■ Aim of the task ■
Look through the material below. Return exactly the lines from the one with "Ministerio de medio" through the one with "Maxxis Tires MTB Guide - BicycleCost", both included.

■ Available data ■
•••••
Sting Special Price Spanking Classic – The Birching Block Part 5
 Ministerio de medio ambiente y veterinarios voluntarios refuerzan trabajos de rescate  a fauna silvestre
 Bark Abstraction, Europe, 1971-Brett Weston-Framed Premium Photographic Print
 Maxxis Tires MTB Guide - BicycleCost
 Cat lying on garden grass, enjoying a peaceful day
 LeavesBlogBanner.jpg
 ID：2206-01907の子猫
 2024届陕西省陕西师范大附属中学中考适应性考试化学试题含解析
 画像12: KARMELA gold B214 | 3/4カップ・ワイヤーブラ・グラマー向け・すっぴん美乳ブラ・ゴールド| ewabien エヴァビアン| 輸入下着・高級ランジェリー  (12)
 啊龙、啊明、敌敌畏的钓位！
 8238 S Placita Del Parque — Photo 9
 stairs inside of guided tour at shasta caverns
•••••
■ Response to the exercise ■
 Ministerio de medio ambiente y veterinarios voluntarios refuerzan trabajos de rescate  a fauna silvestre
 Bark Abstraction, Europe, 1971-Brett Weston-Framed Premium Photographic Print
 Maxxis Tires MTB Guide - BicycleCost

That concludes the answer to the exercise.